3. A local real estate firm has told a client that the average Price of a house in Suburb 2 is $420,000. You have been asked to evaluate this claim. Use a One Sample t Test for the Mean to evaluate the claim that the average price is $420,000.
4. Size and Price: One of the clients wants information on Size of houses as it relates to price.
a) First create a new variable (column) labelled Size Group which divides Size up into two size groups as follows:
Under 200 square meters Small
200 square meters and over Large
b) Produce suitable graphs or charts to help in providing the information requested on the Size of the house as it relates to Price.
c) Find 95% CI intervals for the small and large houses Price. Is there any interaction (overlap) between the two Confidence Intervals? What does this tell you about the Prices for the two Sizes.
5. Produce a scatter plot of Price vs Size (Size should be on the horizontal axis). Make sure you label your axes properly and that your graph has an appropriate title. Briefly describe the nature of the relationship between these two variables.
Use XL to carry out a regression analysis on these two variables. Copy the output into your assignment and use it to respond to the following:
a) Write down the regression equation.
b) State the R-Square value and the Standard Error and explain what they mean with respect to this data.
c) Write down the value of the gradient of the regression line and explain what it means in this case.
d) Is the constant or intercept value significant in this case? How do you know this?
e) Briefly explain why you think this regression model is, or is not, a good model.
Price and Suburb indexes:
a) Determine the Suburb index for each suburb after regressing Price with Size of the house.
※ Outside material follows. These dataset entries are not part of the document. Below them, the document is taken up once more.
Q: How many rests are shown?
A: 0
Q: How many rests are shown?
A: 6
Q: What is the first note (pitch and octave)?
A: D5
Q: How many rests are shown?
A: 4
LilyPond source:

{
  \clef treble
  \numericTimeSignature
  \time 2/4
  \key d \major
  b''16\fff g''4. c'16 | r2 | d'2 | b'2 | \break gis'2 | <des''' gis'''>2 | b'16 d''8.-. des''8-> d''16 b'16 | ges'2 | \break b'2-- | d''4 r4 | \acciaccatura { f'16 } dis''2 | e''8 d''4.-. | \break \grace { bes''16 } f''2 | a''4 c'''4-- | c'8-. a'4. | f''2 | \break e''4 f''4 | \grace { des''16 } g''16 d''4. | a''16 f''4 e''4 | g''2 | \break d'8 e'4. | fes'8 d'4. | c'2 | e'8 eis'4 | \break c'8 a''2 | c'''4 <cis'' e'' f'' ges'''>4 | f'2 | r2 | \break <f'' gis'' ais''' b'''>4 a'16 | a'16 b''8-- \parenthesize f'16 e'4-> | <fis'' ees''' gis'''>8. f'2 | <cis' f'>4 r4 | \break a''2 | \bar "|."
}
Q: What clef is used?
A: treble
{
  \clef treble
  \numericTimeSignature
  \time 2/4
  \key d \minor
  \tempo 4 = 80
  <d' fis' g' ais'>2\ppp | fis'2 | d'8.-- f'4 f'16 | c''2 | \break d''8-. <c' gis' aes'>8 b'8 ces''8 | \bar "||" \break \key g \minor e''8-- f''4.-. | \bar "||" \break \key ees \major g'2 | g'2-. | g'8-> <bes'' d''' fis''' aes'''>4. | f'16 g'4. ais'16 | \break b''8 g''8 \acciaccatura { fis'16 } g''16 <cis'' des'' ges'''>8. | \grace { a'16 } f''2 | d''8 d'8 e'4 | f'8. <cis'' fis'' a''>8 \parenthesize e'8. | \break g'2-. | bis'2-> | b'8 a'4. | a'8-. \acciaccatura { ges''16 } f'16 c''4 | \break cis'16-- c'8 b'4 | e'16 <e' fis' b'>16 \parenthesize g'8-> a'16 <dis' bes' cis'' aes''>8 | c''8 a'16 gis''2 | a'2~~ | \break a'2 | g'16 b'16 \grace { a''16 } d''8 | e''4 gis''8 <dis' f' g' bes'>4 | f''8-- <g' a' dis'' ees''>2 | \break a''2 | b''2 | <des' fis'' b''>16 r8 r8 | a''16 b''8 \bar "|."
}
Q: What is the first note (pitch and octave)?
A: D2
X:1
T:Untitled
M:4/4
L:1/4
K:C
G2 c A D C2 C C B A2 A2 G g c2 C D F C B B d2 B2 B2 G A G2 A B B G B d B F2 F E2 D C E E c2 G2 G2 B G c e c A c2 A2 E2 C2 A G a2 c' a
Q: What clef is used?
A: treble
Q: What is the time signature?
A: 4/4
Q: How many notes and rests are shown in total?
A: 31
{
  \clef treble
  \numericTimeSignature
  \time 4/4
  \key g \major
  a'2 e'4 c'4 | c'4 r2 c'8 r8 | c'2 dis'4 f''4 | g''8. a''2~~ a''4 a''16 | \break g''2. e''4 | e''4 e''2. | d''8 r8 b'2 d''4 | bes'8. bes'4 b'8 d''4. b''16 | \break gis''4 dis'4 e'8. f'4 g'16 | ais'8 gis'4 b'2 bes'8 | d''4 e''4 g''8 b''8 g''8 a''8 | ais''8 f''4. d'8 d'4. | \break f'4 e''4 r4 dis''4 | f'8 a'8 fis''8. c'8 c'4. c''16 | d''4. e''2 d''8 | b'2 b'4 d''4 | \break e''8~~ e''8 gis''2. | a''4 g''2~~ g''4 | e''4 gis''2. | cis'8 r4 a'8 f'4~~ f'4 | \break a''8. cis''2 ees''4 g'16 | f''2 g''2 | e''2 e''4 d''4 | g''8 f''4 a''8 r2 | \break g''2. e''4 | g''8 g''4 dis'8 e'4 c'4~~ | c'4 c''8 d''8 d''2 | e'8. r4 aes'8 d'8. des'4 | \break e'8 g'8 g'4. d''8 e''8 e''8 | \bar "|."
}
Use the multiplicative model in calculating suburb indices: ImprovedPredictedPrice=PredictedPrice(as a function of Size) × Suburb Index.
Hint: Use a similar technique to the time series technique that calculates seasonal indices.
b) Interpret the suburb indices in the context of the problem.
6. Using information from your analyses write a short concluding paragraph about house prices and sizes for different suburbs.